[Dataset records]
....

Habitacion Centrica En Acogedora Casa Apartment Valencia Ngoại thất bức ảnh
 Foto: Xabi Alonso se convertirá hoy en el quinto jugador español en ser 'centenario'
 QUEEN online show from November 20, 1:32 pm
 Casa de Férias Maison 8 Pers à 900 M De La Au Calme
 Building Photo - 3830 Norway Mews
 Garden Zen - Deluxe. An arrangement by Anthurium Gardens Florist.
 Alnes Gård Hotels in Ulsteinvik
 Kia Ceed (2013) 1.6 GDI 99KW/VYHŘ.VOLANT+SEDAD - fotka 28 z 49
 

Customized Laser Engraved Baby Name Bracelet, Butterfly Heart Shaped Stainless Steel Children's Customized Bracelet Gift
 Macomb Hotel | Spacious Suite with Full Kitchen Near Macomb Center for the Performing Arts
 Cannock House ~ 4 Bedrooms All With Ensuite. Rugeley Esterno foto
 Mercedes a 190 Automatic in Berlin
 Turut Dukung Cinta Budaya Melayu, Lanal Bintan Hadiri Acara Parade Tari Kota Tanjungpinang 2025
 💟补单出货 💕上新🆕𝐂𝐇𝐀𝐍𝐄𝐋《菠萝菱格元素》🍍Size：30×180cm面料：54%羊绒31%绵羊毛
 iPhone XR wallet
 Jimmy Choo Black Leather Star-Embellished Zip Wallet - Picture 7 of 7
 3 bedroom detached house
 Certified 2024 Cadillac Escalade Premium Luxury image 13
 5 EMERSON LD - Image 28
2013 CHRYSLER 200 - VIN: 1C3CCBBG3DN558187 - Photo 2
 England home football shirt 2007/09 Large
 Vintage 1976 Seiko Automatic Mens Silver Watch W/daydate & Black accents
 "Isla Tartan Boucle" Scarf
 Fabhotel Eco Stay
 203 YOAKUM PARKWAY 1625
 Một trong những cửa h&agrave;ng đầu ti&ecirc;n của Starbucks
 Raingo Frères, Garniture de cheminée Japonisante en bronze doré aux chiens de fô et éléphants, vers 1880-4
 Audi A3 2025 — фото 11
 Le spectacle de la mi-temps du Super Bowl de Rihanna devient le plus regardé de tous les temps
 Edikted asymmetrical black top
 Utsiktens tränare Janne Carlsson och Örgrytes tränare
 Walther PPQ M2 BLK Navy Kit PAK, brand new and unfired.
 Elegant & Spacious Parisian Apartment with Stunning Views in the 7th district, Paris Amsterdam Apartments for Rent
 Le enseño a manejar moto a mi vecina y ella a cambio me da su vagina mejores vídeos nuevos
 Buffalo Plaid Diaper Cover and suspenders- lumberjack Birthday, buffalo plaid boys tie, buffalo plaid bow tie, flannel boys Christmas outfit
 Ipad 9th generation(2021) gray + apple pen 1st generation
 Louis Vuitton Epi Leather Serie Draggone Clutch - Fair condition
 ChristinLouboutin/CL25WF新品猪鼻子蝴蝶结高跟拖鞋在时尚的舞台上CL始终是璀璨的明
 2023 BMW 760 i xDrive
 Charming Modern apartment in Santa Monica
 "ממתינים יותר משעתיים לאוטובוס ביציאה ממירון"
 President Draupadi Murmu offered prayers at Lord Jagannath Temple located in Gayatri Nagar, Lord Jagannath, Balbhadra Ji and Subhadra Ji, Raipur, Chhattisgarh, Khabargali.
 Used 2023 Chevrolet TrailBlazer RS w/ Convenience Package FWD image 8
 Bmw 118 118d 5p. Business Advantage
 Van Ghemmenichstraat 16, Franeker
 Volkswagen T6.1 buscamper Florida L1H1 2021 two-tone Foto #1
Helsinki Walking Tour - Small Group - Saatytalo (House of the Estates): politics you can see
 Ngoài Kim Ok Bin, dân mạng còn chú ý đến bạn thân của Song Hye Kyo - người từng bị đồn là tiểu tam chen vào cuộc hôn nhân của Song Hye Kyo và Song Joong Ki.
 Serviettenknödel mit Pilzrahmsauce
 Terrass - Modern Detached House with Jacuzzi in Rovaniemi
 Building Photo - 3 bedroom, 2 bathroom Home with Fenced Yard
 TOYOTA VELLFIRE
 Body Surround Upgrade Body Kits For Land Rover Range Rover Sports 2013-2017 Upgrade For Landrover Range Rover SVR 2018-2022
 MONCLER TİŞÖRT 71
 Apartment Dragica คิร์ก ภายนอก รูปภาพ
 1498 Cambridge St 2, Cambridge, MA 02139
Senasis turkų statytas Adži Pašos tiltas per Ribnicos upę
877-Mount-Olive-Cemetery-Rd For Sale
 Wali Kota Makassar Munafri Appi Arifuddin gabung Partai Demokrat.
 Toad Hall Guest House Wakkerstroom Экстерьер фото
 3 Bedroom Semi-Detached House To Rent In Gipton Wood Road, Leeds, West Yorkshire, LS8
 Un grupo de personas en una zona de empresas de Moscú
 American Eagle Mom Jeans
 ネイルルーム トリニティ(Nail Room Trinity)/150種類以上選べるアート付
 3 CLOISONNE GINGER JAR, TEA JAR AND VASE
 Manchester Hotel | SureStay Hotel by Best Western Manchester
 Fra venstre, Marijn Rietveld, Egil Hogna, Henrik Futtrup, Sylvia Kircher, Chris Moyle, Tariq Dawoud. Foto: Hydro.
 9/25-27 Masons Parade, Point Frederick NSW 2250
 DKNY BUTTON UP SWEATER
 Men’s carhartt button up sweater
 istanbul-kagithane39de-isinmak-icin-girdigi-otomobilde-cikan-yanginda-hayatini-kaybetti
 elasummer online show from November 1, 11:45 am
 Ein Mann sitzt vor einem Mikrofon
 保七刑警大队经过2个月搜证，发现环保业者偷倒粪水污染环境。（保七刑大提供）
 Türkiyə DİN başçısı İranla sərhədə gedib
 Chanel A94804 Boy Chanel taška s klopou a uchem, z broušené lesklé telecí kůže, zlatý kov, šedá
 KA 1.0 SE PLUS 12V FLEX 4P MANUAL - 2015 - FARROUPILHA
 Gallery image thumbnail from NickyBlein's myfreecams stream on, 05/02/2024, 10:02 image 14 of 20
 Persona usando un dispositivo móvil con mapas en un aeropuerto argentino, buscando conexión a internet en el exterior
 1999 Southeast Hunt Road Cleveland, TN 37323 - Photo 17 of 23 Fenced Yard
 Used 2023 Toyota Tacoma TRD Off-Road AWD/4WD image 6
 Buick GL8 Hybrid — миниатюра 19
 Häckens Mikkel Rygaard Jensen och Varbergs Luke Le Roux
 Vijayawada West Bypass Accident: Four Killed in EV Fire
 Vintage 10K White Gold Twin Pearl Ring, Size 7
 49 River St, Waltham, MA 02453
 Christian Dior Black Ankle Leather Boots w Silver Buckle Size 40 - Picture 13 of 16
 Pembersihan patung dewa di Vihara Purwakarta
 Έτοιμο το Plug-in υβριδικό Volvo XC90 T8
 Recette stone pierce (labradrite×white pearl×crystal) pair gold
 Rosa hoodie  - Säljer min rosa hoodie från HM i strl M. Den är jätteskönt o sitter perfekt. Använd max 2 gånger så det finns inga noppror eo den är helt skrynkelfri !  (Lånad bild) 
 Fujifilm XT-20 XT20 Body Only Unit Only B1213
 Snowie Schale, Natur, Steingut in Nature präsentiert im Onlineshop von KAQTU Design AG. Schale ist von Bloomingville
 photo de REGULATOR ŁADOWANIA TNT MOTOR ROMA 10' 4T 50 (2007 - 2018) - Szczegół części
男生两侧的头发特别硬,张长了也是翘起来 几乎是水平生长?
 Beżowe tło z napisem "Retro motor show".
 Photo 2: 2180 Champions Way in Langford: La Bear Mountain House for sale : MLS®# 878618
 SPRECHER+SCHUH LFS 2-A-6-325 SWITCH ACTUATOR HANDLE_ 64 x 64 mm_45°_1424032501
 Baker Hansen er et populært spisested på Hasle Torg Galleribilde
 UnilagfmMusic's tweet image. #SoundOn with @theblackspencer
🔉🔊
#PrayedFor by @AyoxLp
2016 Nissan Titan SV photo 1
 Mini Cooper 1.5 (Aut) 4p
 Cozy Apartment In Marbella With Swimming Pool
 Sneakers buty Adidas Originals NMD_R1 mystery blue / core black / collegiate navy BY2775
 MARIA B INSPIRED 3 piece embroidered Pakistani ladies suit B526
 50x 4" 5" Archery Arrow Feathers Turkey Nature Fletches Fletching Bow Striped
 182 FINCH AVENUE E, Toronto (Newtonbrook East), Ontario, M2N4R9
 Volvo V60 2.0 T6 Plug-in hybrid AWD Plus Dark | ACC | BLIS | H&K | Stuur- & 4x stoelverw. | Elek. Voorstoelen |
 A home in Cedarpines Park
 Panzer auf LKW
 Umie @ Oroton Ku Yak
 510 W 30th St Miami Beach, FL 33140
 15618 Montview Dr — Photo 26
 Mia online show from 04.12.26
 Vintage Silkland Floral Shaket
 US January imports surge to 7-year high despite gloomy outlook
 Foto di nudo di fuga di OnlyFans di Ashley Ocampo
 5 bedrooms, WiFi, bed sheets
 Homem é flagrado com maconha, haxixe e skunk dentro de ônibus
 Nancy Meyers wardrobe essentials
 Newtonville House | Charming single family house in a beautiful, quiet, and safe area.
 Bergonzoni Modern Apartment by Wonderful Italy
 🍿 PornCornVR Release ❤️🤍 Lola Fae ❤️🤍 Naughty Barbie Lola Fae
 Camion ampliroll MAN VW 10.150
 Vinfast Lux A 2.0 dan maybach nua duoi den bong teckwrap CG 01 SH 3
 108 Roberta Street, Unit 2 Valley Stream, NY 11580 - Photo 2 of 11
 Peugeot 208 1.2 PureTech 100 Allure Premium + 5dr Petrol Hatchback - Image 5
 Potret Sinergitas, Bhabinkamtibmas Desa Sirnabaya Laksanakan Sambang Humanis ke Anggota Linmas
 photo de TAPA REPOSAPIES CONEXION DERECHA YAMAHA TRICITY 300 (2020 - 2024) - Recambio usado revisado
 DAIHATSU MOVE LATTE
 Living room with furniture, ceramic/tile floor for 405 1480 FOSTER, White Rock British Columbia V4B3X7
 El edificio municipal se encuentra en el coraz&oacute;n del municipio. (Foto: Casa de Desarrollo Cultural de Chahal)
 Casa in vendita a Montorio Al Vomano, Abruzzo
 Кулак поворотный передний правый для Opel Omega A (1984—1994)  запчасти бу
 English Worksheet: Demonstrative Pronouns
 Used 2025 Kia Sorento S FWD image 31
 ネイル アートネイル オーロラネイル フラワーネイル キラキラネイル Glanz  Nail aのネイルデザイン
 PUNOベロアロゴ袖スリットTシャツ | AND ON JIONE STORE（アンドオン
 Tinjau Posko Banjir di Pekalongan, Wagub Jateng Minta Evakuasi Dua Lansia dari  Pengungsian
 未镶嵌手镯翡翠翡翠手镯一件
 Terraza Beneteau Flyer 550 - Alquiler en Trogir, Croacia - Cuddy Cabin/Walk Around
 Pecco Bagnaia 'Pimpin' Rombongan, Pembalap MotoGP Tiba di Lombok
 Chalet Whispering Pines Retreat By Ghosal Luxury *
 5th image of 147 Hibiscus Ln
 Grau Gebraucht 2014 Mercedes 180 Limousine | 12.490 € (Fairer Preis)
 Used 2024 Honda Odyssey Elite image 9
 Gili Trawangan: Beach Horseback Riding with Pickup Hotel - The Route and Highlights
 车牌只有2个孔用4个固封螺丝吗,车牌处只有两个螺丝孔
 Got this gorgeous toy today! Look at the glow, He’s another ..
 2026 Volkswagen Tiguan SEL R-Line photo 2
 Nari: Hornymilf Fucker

....

Your objective – The required answer is the exact run of lines above starting at the line with "A home in Cedarpines Park" and ending at the line with "Camion ampliroll MAN VW 10.150", with both ends present.

Solution for this problem –
 A home in Cedarpines Park
 Panzer auf LKW
 Umie @ Oroton Ku Yak
 510 W 30th St Miami Beach, FL 33140
 15618 Montview Dr — Photo 26
 Mia online show from 04.12.26
 Vintage Silkland Floral Shaket
 US January imports surge to 7-year high despite gloomy outlook
 Foto di nudo di fuga di OnlyFans di Ashley Ocampo
 5 bedrooms, WiFi, bed sheets
 Homem é flagrado com maconha, haxixe e skunk dentro de ônibus
 Nancy Meyers wardrobe essentials
 Newtonville House | Charming single family house in a beautiful, quiet, and safe area.
 Bergonzoni Modern Apartment by Wonderful Italy
 🍿 PornCornVR Release ❤️🤍 Lola Fae ❤️🤍 Naughty Barbie Lola Fae
 Camion ampliroll MAN VW 10.150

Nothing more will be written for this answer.